This is my first experiment in using my laptop as a laptop. Typically it sits on my desk, fettered by numerous cords, attached variously to a monitor, speakers, and a keyboard, its portability--perhaps its proudest achievement--ignored. Today though, in a sudden writerly frame of mind, I've rescued it from the living room and brought it to the kitchen table where I was already sitting with my tea and a book next to the apartment's best window. I think of this as practice. This computer and I will have stories to tell from an international assortment of kitchen tables this summer: a window in Amsterdam, a cup of tea in Glasgow, a book in Berlin.... It is fitting to begin at home at what was one my grandmother's kitchen table. Some 35 years ago, it used to live across town in a dark kitchen facing a wall, but now enjoys a view of a cherry tree just beginning to bloom in a neighboring garden. Though the table may miss the radio broadcast Giants' games and the solitaire games of its young life, the two of us are equally delighted by this bright kitchen. If we move, it will be the room we miss most. Framed in the window: stark branches, pink blossoms, and a backdrop of pale blue sky. This city every bit as famous as those I'll soon be visiting. I am grateful when I remember that my quotidian is someone else's romantic daydream.
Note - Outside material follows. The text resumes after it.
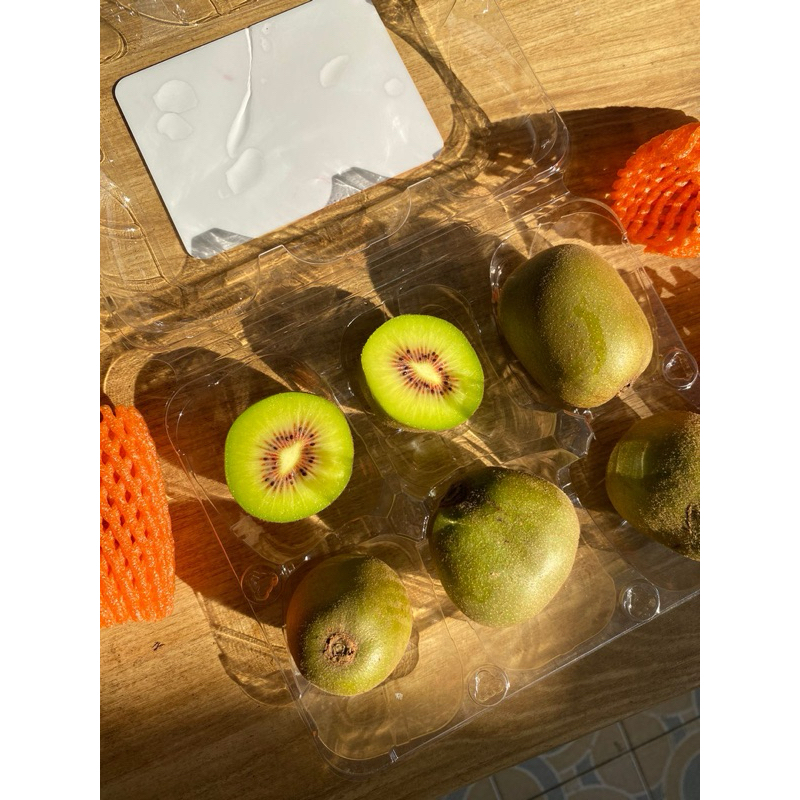

Kiwi Red | Red Kiwi Chinese | Kiwi Merah Manis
Today is Superbowl Sunday, a thing I had steeled myself to endure, certain that the boys upstairs would find this an irresistible occasion for group drinking and communal bellowing. Instead, the two loudest are away, as indeed they were last weekend, and the one who remains is my dearest dream of an upstairs neighbor: whatever his solitary pastimes, they are quiet indeed. To my astonishment, the loudest thing in the building just now is the ticking of my own kitchen clock. God bless absent neighbors.
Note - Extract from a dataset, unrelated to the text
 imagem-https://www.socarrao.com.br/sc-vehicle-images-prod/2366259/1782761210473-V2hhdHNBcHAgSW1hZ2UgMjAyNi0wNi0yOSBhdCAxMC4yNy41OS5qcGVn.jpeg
In yesterday's quiet I wrote a fourteen-page letter and finally finished the last hundred pages of the Charlotte Brontë I'd been reading for weeks. Today, I began Patti Smith's M Train, which has been assigned by my book club. I was very resolute in my disinterest in this book, which, much like every time I exhibit a resolute disinterest in something I know nothing about whatsoever, has left me sheepish. Oh. Right. Try first, judge later. That lesson, despite being offered ad infinitem, continues to elude me. I have barely begun the book, but the first chapter is something of a melancholy travelogue, and a ghost of a love story, very much in concert with my own typical Sunday frame of mind.
I set it down, looked at the cherry tree and thought about places I've been and men I've loved--the ones who knew and the ones who didn't. And the ones who knew and were unmoved.
Quiet Sundays are dangerous like that. Perhaps that accounts for the popularity of football.